Directions:
Taking the line that contains "15764 BEAU RIDGE DR, Woodbridge, VA 22193" as the start and the last line of the data as the end, repeat exactly every line in that span, but no pictures.

Dataset extract:
Start of Block

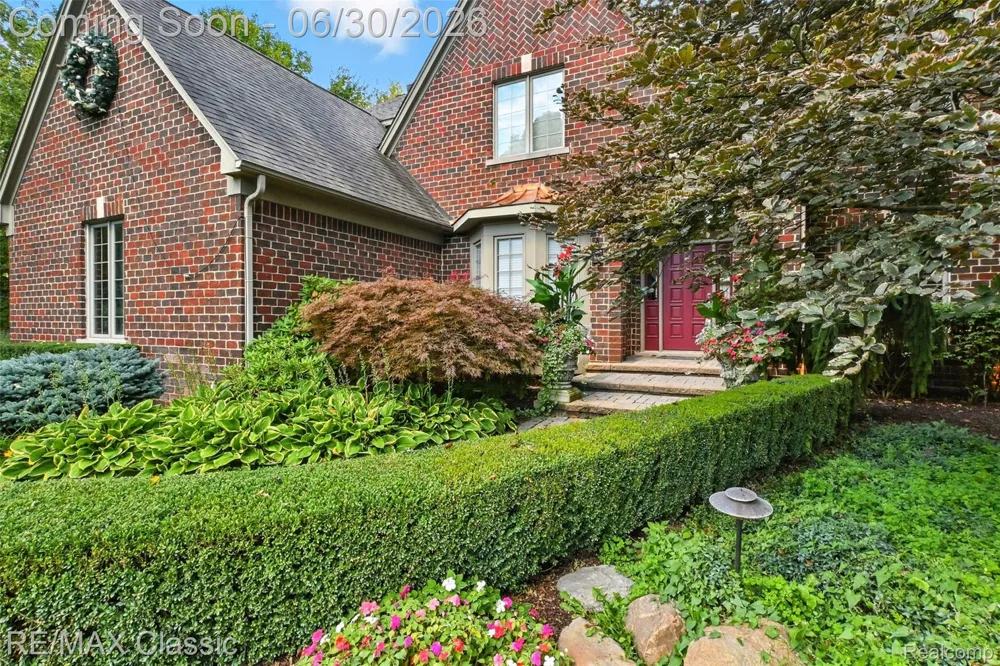 8033 Pine Ridge Court Salem Township, MI 48168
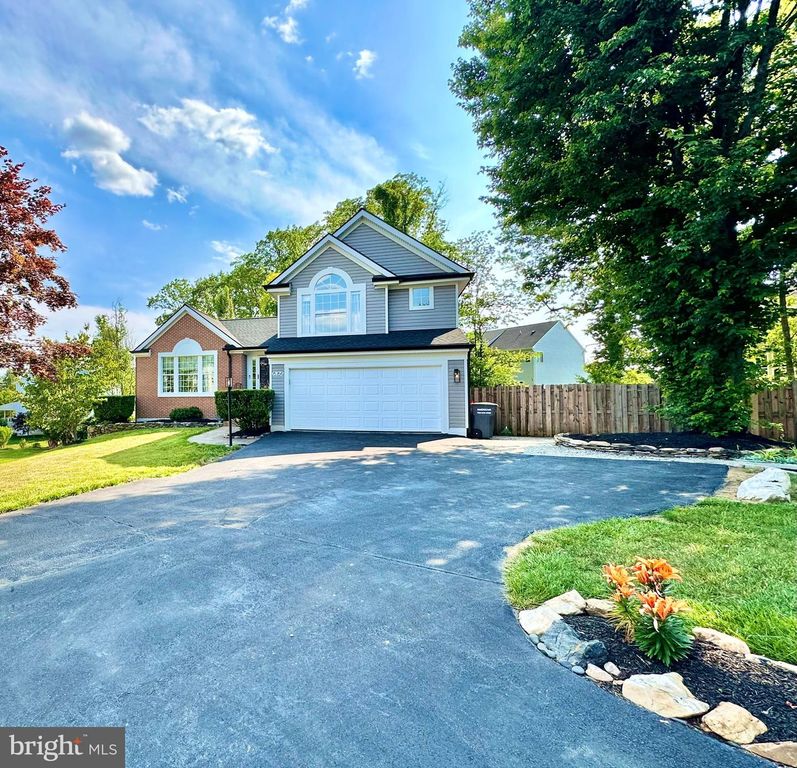 15764 BEAU RIDGE DR, Woodbridge, VA 22193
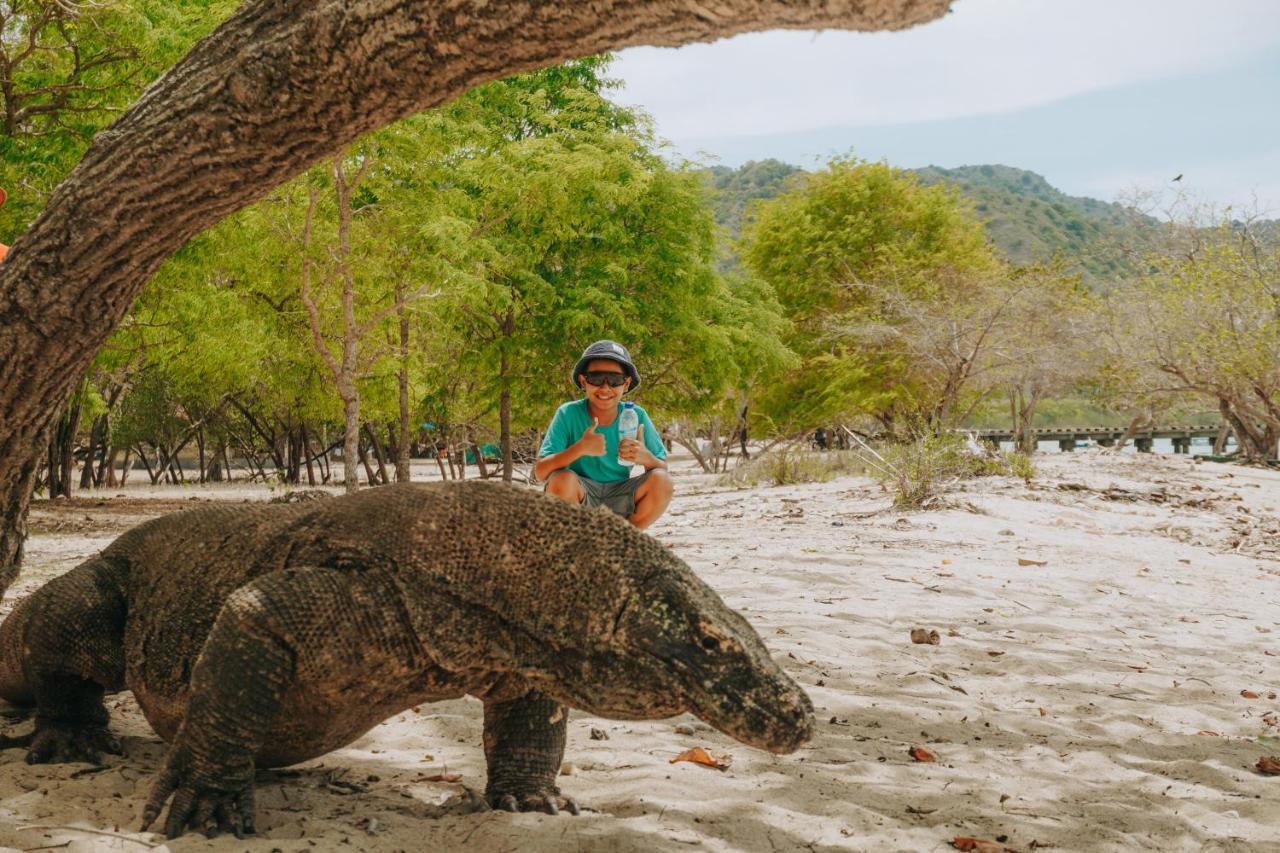 Komodoku One Love Homestay And Tour Labuan Bajo Esterno foto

End of Block

Response for this exercise:
 15764 BEAU RIDGE DR, Woodbridge, VA 22193
 Komodoku One Love Homestay And Tour Labuan Bajo Esterno foto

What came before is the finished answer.